Reproduce the listing below exactly, except for its pictures.

--- Data extract ---

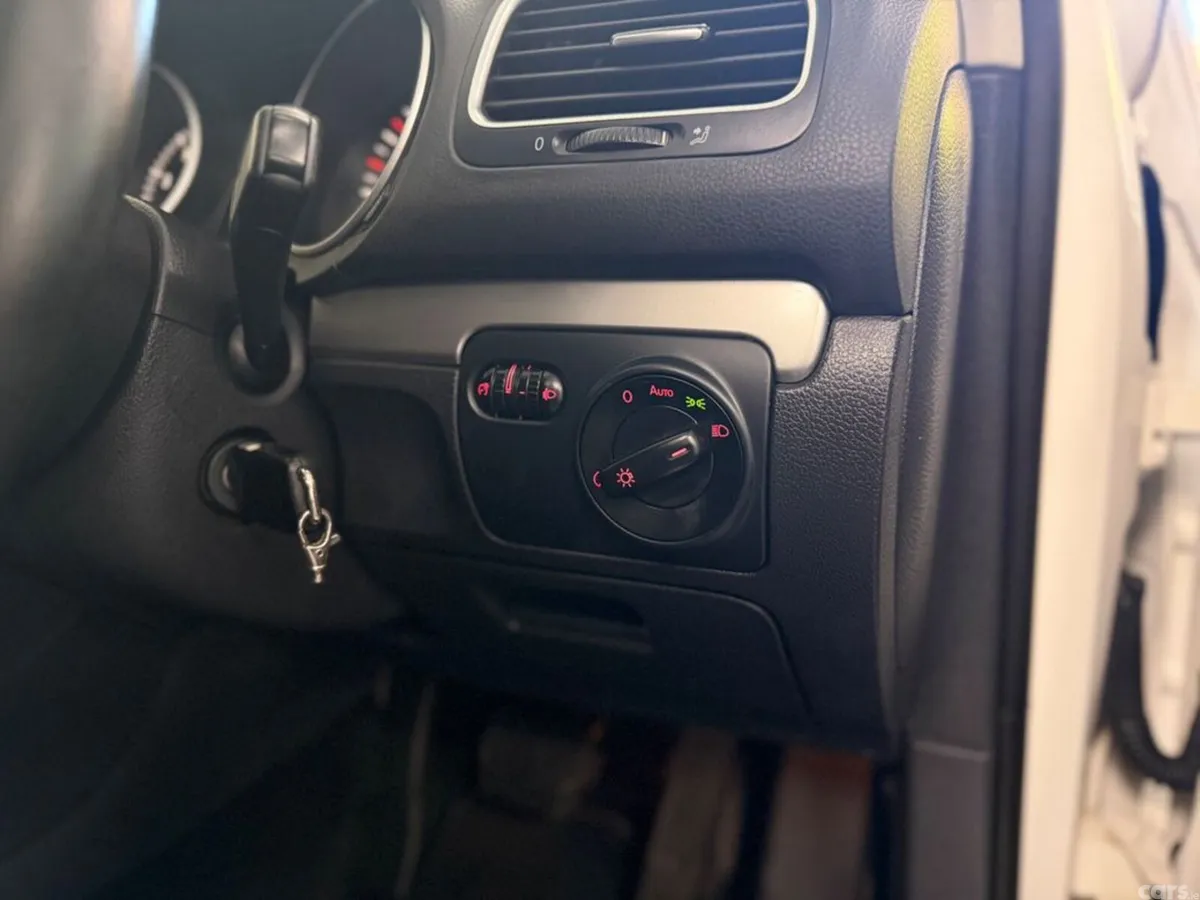 Volkswagen Golf Hatchback, Petrol, 2013, White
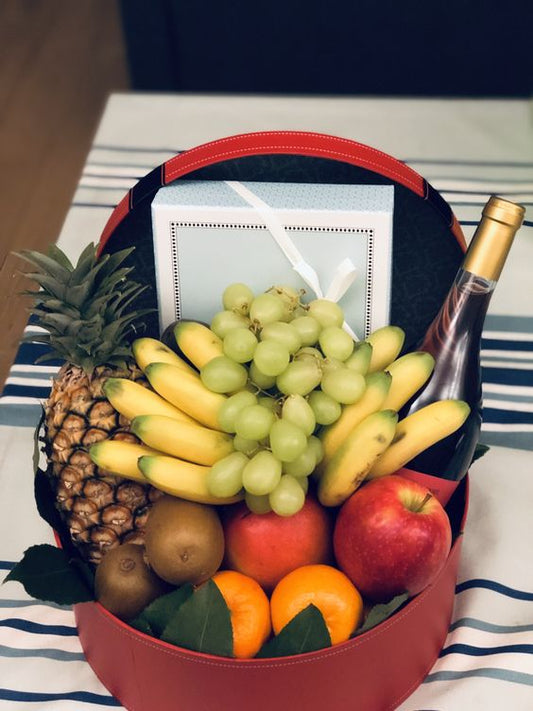 Fruits and Sparling wine in Box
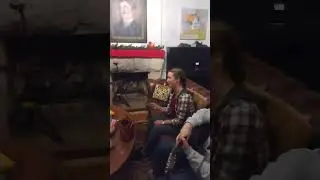 HALLELUJAH by Leonard Cohen...Guitarist KEN PALMER, sung by a guest at Hotel Giles. Comfort TX.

---

* Reply to the exercise
 Volkswagen Golf Hatchback, Petrol, 2013, White
 Fruits and Sparling wine in Box
 HALLELUJAH by Leonard Cohen...Guitarist KEN PALMER, sung by a guest at Hotel Giles. Comfort TX.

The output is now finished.